その22 おでん屋の秀吉

(22)




「さぁ、さぁ、お二方。仲直りといきやしょうや!!」

 言うなり男は跳んだ。そしてバスケ選手がダンクを決めるように吊るされた提灯をパンと叩くと地面に着地して、背後を振り返る。

 叩かれた振動でワイヤーに吊るされた提灯が一斉に揺れ、その明かりの下でサングラス越しに「にっ」と笑う男。その男が見つめるお二方とは先程、喧戟をしてた当時者達――百眼と『閻魔』こと猿渡燕。
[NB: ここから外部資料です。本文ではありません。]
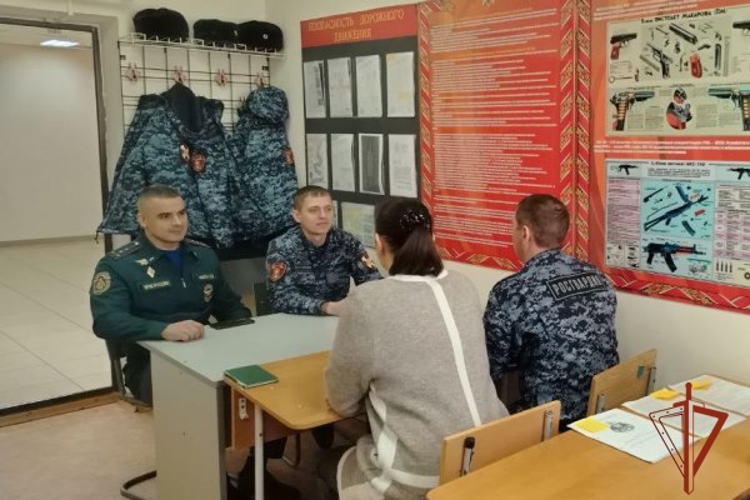 Пожарная безопасность в зимний период стала темой встречи с сотрудниками Росгвардии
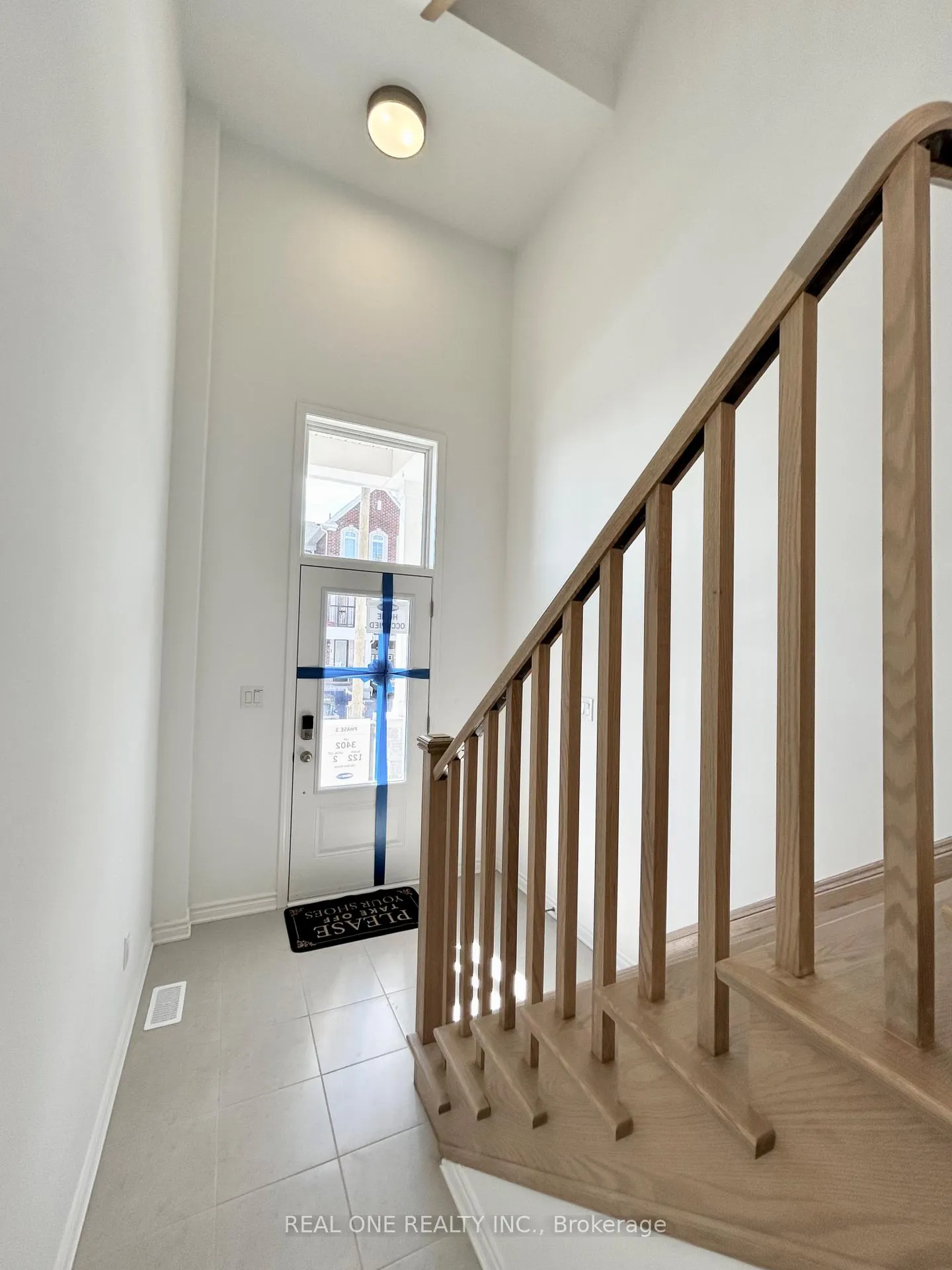 Photo 5 of 122 Avani Avenue, Markham, Rural Markham — HOMEH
 男は頭から零れ落ちそうになっている毛量の豊かな縮れ毛のアフロヘアを掻き、それから天井から吊るされる提灯を見て、呟く。

「へぇ、此処が卍楼の中でも狭隘路地で有名な『提灯横丁』ですけぇ?」

 どこの時代の言葉かもわからない口調で周囲を見ると、男は何かを思い出した風な顔つきになって、首を叩いてぴしゃりと音を立てた。

「あ、今はどっちかというと――『事件』があった場所で有名なとこでしたねぇ」

 言うなり人差し指を立ててくるくる回してから手を伸ばして提灯に触れた。

 この男、中々の長身である。後を付いて来ている百眼も180センチを程ある身長だが、この男もそれ程の身丈がある。故に頭に伸びたアフロヘアとすらりと伸びた長身とが何処か、巨大なマッチ棒に見えなくもない。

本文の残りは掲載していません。